# Assigned task
Could you transcribe exactly the lines below, from the line with "Premium Machine Washable" through the line with "Vaso Térmico de", and nothing else, leaving out the pictures?

# Records supplied
——

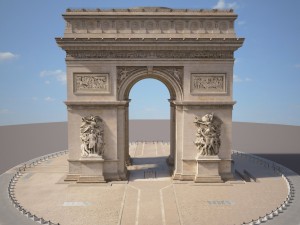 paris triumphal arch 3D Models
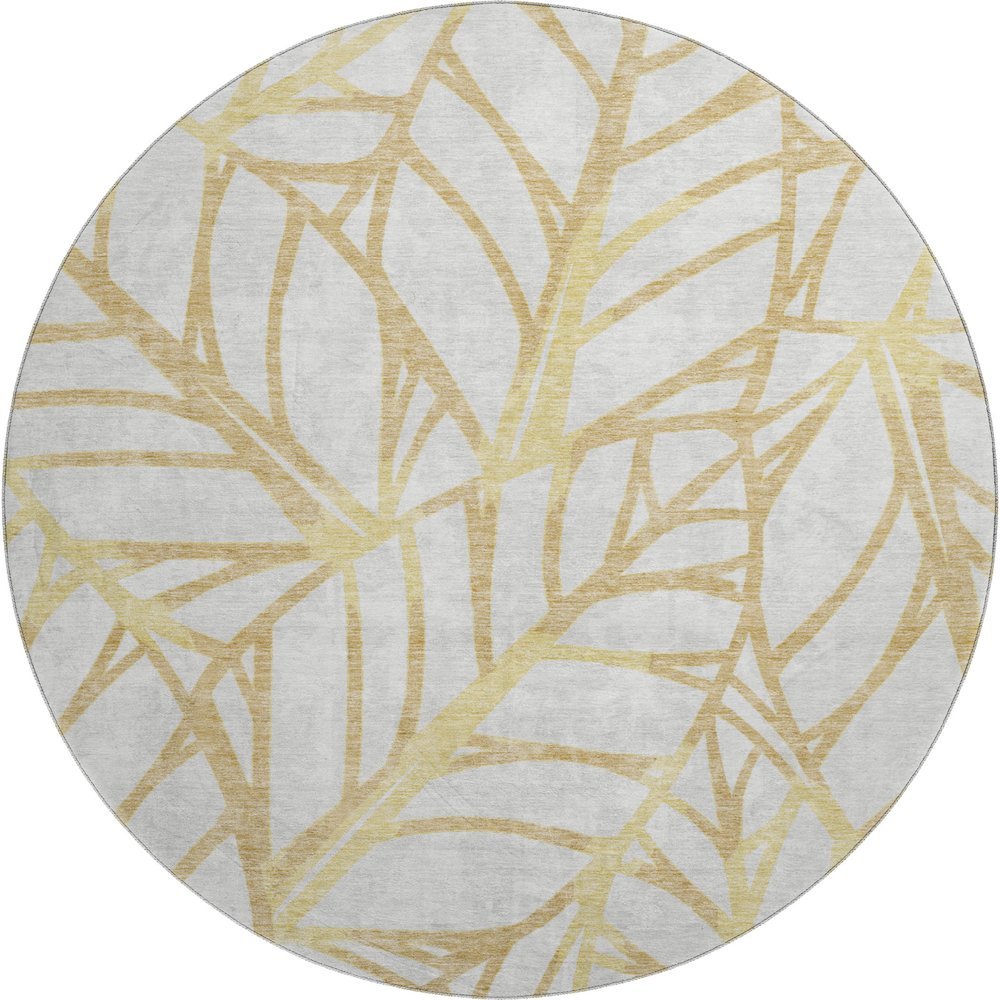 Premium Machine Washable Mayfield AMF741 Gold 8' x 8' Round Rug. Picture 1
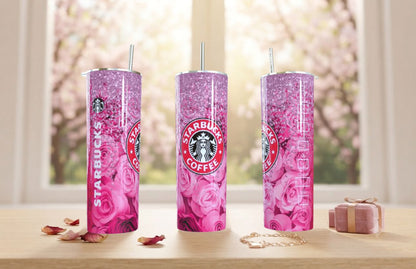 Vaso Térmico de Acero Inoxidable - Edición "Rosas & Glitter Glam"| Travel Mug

——

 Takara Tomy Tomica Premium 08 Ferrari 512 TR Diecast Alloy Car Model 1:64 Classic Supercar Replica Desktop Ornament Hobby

——

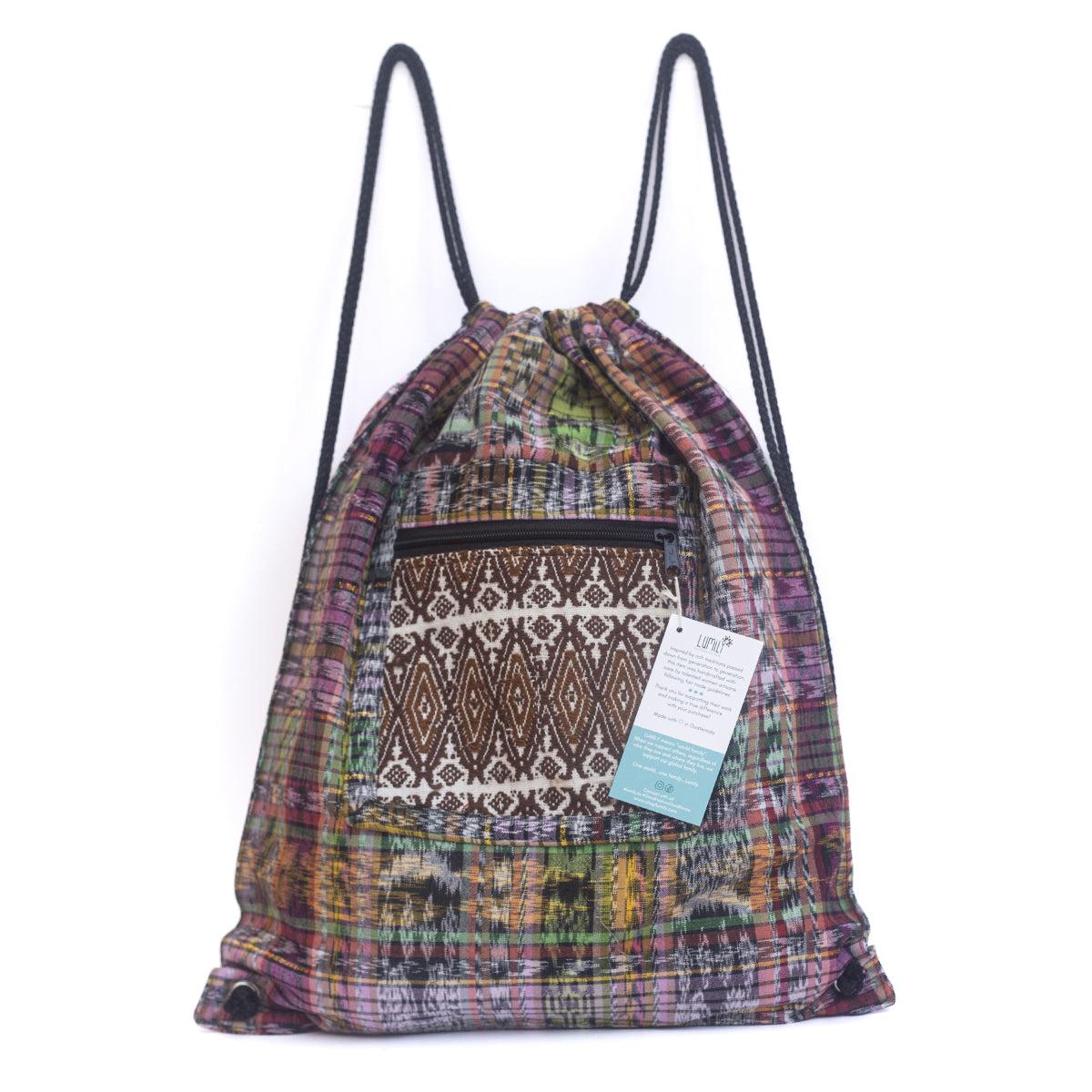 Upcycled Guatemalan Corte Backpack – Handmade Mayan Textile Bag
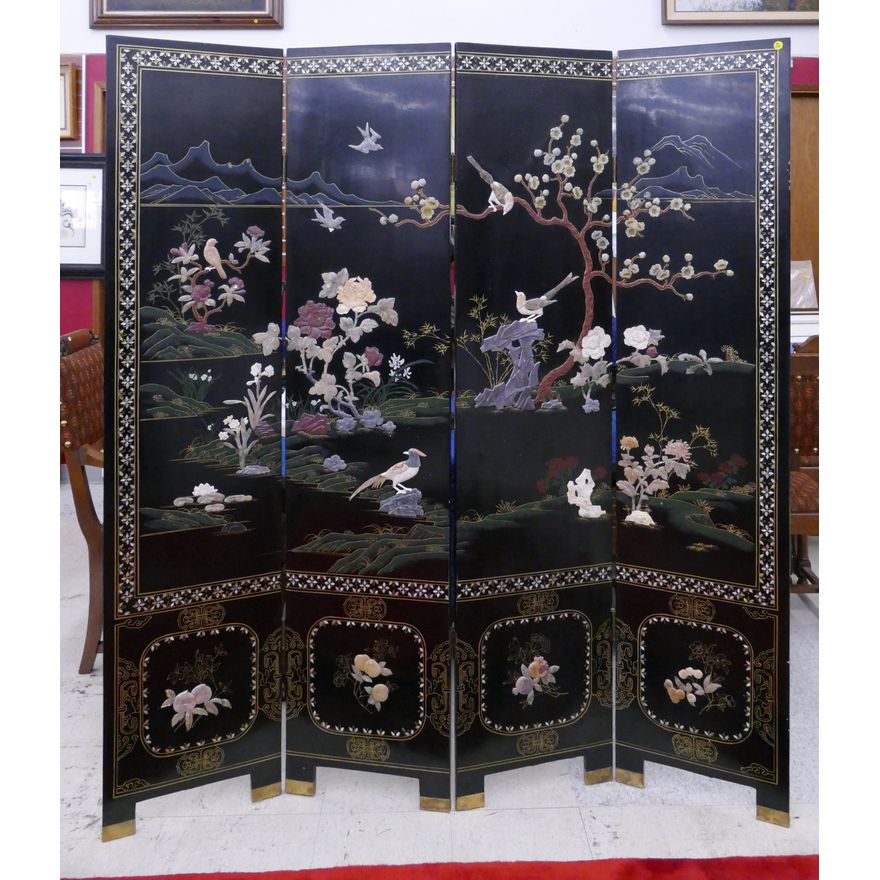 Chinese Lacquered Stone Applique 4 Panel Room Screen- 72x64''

——

# Task result
 Premium Machine Washable Mayfield AMF741 Gold 8' x 8' Round Rug. Picture 1
 Vaso Térmico de Acero Inoxidable - Edición "Rosas & Glitter Glam"| Travel Mug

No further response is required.